Esta noite eu sonhei com a casinha dos meus pais e acordei no meio da madrugada, sutilmente angustiado. Eis o sonho, transcrito primeiramente conforme o fiz, ainda na madrugada, e, em seguida, contado no presente, como se eu fosse a casa. 

“Os meus pais estão na minha antiga casa, onde morei até meus vinte anos. A casinha tem várias rachaduras nas estruturas, mas está firme. É na minha cidade natal, no interior do Ceará, longe tudo, lá no meio do mato. A minha mãe está vendo as fotos antigas da nossa família e se emociona e meu pai, ao seu lado, não sabendo o que dizer (como sempre), silencia. Eles se abraçam e o cômodo onde eles estão de repente começa a cair.

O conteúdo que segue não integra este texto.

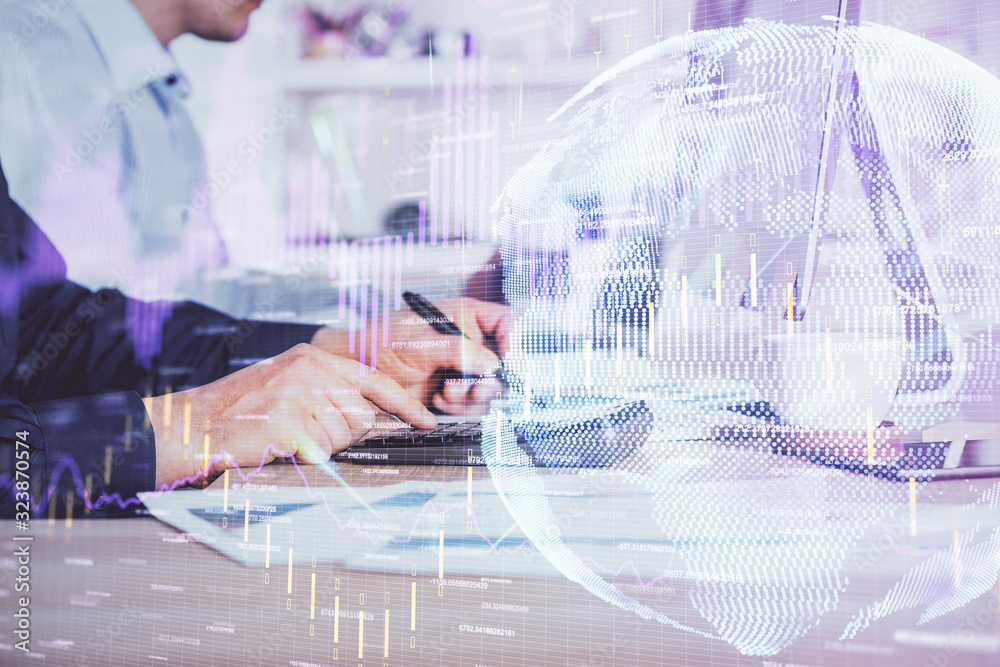 Forex graph with businessman working on computer in office on background. Concept of hardworking. Closeup. Multi exposure. Forex graph with businessman working on computer in office on background. Concept of hardworking. Closeup. Multi exposure.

Eles correm para outra parte da casa, tentando achar um lugar seguro. Todas as portas e as janelas estão abertas, mas eles ficam dentro de casa. Noutro instante, toda a cena muda e eles agora estão em outra casa. Estão estranhando as paredes (como se estivessem se perguntando o que era aquilo e se de fato era a casa deles mesmo). É uma casa bem melhor do que a nossa antiga. Meu pai fala para a minha mãe “Essa não é a minha casa, eu não fiz ela assim”. Minha mãe caminha um pouco, como esse explorando o novo lugar e acha algum lugar para sentar."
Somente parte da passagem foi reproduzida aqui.